It only has to walk the whole chain if none of the chain is cached.. But part of the chain should already be cached.. Many NS have much longer TTLs than just the records, etc. Once you ask the roots for the NS of the tlds.. those have a ttl of
;; QUESTION SECTION:
;org.

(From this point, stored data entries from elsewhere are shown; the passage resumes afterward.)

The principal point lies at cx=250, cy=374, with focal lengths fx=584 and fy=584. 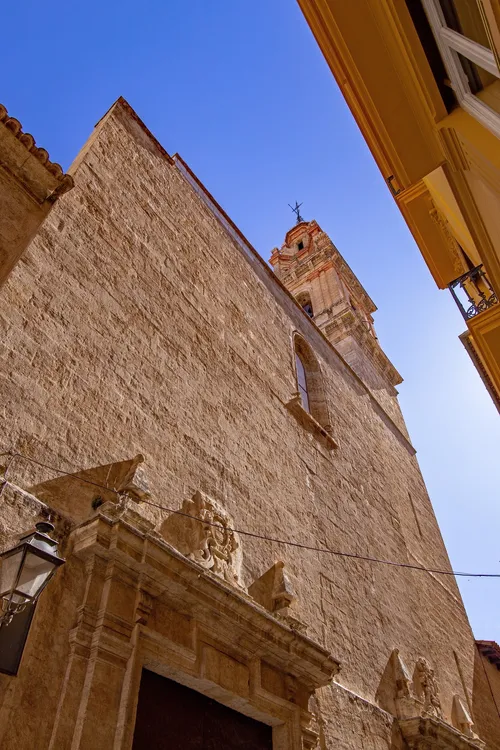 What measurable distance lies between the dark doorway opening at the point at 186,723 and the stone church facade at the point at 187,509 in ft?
0.05

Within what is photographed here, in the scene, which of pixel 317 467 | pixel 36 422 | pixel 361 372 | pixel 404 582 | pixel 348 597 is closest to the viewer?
pixel 36 422

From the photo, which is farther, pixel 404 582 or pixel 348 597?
pixel 404 582

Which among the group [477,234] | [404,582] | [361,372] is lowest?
[404,582]

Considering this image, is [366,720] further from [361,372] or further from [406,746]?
[361,372]

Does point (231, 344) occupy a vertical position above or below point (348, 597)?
above

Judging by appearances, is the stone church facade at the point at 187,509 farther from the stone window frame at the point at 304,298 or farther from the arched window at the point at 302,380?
the stone window frame at the point at 304,298

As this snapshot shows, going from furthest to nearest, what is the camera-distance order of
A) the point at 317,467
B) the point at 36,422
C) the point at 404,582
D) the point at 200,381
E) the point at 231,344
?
1. the point at 404,582
2. the point at 317,467
3. the point at 231,344
4. the point at 200,381
5. the point at 36,422

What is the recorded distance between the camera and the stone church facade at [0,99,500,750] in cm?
367

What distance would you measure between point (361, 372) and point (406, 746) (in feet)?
26.5

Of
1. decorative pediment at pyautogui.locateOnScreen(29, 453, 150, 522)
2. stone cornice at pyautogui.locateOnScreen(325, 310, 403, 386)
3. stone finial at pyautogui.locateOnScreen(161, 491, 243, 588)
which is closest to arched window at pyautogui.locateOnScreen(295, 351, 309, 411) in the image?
stone finial at pyautogui.locateOnScreen(161, 491, 243, 588)

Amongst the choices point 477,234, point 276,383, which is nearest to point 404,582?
point 276,383

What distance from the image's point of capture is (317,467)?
303 inches

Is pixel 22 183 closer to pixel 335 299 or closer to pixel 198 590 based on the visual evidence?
pixel 198 590

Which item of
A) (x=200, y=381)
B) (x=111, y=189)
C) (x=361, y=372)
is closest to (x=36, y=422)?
(x=200, y=381) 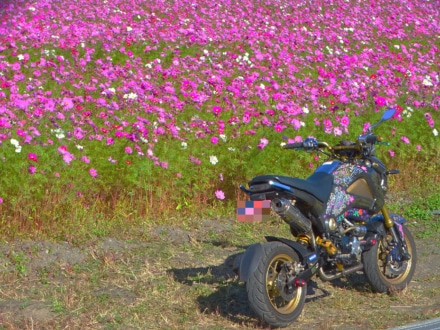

IN NS;; ANSWER SECTION:
org. 86400 IN NS a0.org.afilias-nst.info.
org. 86400 IN NS b2.org.afilias-nst.org.
org. 86400 IN NS b0.org.afilias-nst.org.
org. 86400 IN NS c0.org.afilias-nst.info.
org. 86400 IN NS a2.org.afilias-nst.info.
org. 86400 IN NS d0.org.afilias-nst.org.So you sure do not have to walk the chain to get those unless the ttl has expired.
Now a problem that you might have with pfsense.org is they have their NS with a very low 300 second TTL which doesn't make a lot of sense unless they were about to change their NS..
Looks like someone forgot to update the ttl on those records.. since I show the actual ns1 and ns2 having ttl of 3600
;; AUTHORITY SECTION:
netgate.com. 3600 IN NS ns1.netgate.com.
netgate.com. 3600 IN NS ns2.netgate.com.So normally when there is a low ttl on a record, you would only have to query the authoritative NS directly when it expires, not walk the whole chain again.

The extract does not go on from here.